Comentário sobre o Enem 2013
    Depois de eu fazer diversas críticas, nada mais justo que enaltecer os pontos surpreendentemente positivos que presenciei no Enem este ano.
    A começar pelo que julgo mais importante, o nível das questões — principalmente as de matemática e de natureza — esteve significativamente mais alto. Ao contrário dos exemplares anteriores, as perguntas deste ano exigiam, em geral, mais raciocínio e um pouco mais de conteúdo. Muitos professores que já declararam algo a respeito concordam comigo quando digo que o exame este ano está mais próximo dos vestibulares tradicionais. Não há maior prova disso do que a própria questão da demonstração de Willian Harvey, copiada da Fuvest de 2007.
    Os textos, embora tão longos quanto antes, apresentam desta vez perguntas mais relevantes e mais conexas com a coletânea em si. Por mais incrível que possa parecer — especialmente quando se trata de Enem —, foram raras as questões que podiam ser resolvidas ignorando-se o enunciado. Em contraposto, isto também acarreta uma maior exaustão e acrescenta barreiras de tempo mais extensas.
    Além disso, foi notável a preocupação dos elaboradores da prova em dar enfoque a assuntos extremamente relevantes e de cunho social, ainda mais que nos anos anteriores, nos quais o repertório parecia ser exclusiva e enjoativamente baseado em sustentabilidade.
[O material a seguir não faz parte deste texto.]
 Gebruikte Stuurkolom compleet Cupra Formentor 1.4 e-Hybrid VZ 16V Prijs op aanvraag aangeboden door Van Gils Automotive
    Por outro lado, sentindo na pele o que é estar prestar o Enem "pra valer", me sinto apto a pontuar alguns defeitos muito graves.
    Na prova de linguagens, não só uma mas várias questões continham alternativas que, se fossem friamente analisadas, compreendiam múltiplas respostas. Propositalmente ou não, os elaboradores inseriram afirmações que davam margem à dupla ou tripla interpretação. Os vestibulares mais tradicionais, embora também deixem os candidatos em dúvida entre uma ou outra alternativa, tomam o devido cuidado para não exagerarem na subjetividade de ambas.
    A redação, que acabou por surpreender a todos com seu tema alheio aos diferentes tipos de manifestos recentes, possui pontos positivos e negativos. Se por um lado a proposta abordou um tema que muitas vezes é negligentemente ignorado pelos brasileiros e deve ser discutido, por outro limitou os candidatos ao senso comum — afinal, ninguém em sã consciência argumentaria (de modo convincente) a favor de dirigir embriagado —, assim como nos outros anos.
    Contudo, é no tempo que se encontra o pior defeito do Enem, especialmente no segundo dia. Cinco horas e meia, para uma redação (se consideramos uma redação bem planejada e estruturada) e mais 90 questões. É simplesmente impraticável, para qualquer um sem habilidades sobre-humanas ou sem um vira-tempo, ler, interpretar, analisar e resolver uma prova como esta nesse tempo. Tudo bem que "se está difícil para um, está difícil para todos" e "é preciso testar a resistência dos candidatos", mas fica evidente que os elaboradores não consideram o período de tempo relativamente ínfimo ao fazerem do Enem uma prova repleta de exercícios que exigem intermináveis contas de operação, que, embora simples, certamente demandam tempo e MUITA paciência.